MAPPING THE MILKY WAY

A 1939 biography of Albert Einstein offers a poignant example of the perspective that helped shape the famous scientist’s relativistic view of Earth in space: “The world is moving along rapidly in space: your office in the morning will not be where it was when you left it at the close of business. It will never be in the same place in space again!”1 Indeed, the Sun plunges daily some 12.5 million miles through the empty wastes of space, never to return to its former location. The Earth orbits the Sun at roughly 67,100 miles per hour even as the Sun roars around the Milky Way galaxy at about 490,000 miles per hour. Meanwhile our galaxy is reeling to­ward the Virgo Cluster, the largest and nearest cluster of galaxies, roughly 54 million light-years distant, at a speed of about 864,000 miles per hour. But in relation to the background radiation of the universe, the Milky Way is racing through space at approximately 1.3 million miles per hour.2 As astronomers grapple to understand our place in the universe, every second, our planet, Sun, and Solar System, as well as the Milky Way galaxy, whirl blindly into the depths of outer space.

It’s some consolation, however, that our neighboring stars and galaxies are barreling into the unknown abyss along with us. The sameness of the night sky has been recorded for millennia and is of great value to humankind. Long before written records, the positions of stars were used as directional aids in traversing the unmapped and largely unpopulated expanse of Earth’s surface,

its deserts and wastelands, and in navigating uncharted seas. The same stars traced the seasons of Earth’s passage on its perdurable orbit around the Sun.

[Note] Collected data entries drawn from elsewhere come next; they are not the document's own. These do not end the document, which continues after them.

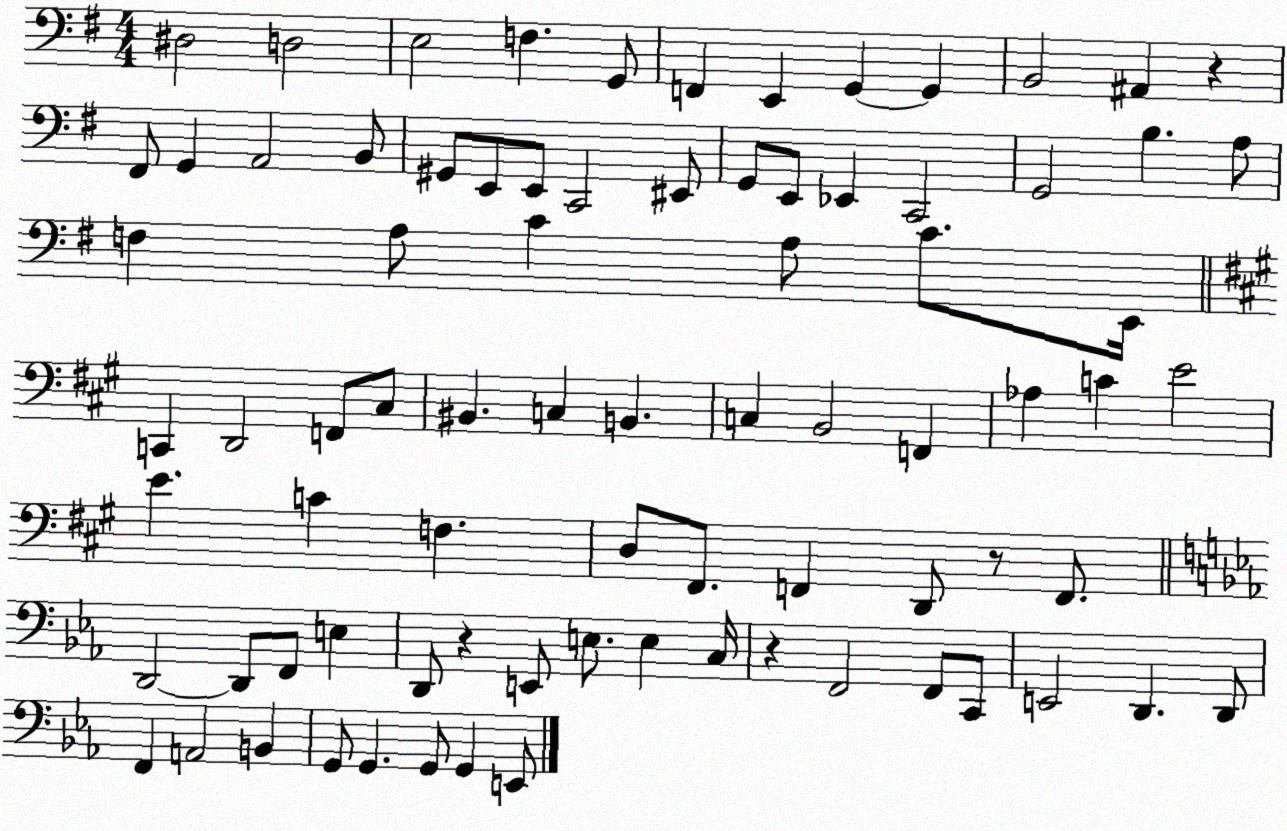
X:1
T:Untitled
M:4/4
L:1/4
K:G
^D,2 D,2 E,2 F, G,,/2 F,, E,, G,, G,, B,,2 ^A,, z ^F,,/2 G,, A,,2 B,,/2 ^G,,/2 E,,/2 E,,/2 C,,2 ^E,,/2 G,,/2 E,,/2 _E,, C,,2 G,,2 B, A,/2 F, A,/2 C A,/2 C/2 E,,/4 C,, D,,2 F,,/2 ^C,/2 ^B,, C, B,, C, B,,2 F,, _A, C E2 E C F, D,/2 ^F,,/2 F,, D,,/2 z/2 F,,/2 D,,2 D,,/2 F,,/2 E, D,,/2 z E,,/2 E,/2 E, C,/4 z F,,2 F,,/2 C,,/2 E,,2 D,, D,,/2 F,, A,,2 B,, G,,/2 G,, G,,/2 G,, E,,/2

When humans as a species were first form­ing words, the rising, setting, and annual return of the stars and constellations in the night sky must have offered a sense of perma­nence in a savage world. Deeply embedded in our primal imagina­tion were the stars as guides in navigating novel landscapes, lo­cating seasonal fruits and vegetables, following migratory animals that provided food and pelts, and preparing for oncoming seasons.

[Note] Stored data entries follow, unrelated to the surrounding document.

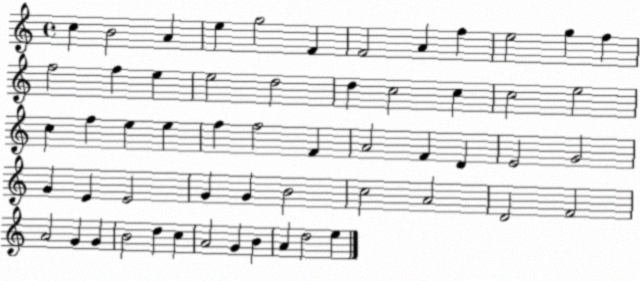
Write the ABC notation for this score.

X:1
T:Untitled
M:4/4
L:1/4
K:C
c B2 A e g2 F F2 A f e2 g f f2 f e e2 d2 d c2 c c2 e2 c f e e f f2 F A2 F D E2 G2 G E E2 G G B2 c2 A2 D2 F2 A2 G G B2 d c A2 G B A d2 e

Much older than our Sun, the Milky Way galaxy began to form approximately 13 billion years ago and is a barred-spiral compris­ing some 200-400 billion stars. Its spiral arms, strewn with mas­sive clouds of gas and dust coalescing into newborn stars, sweep in magnificent arcs around the millions of stars comprising the gal­axy’s central bulge. Because of the scale of this whirlpool of dust and planetary systems, from our perspective neighboring stars ap­pear to form a fixed pattern of constellations and they only change their relative positions over millennia (plate 13).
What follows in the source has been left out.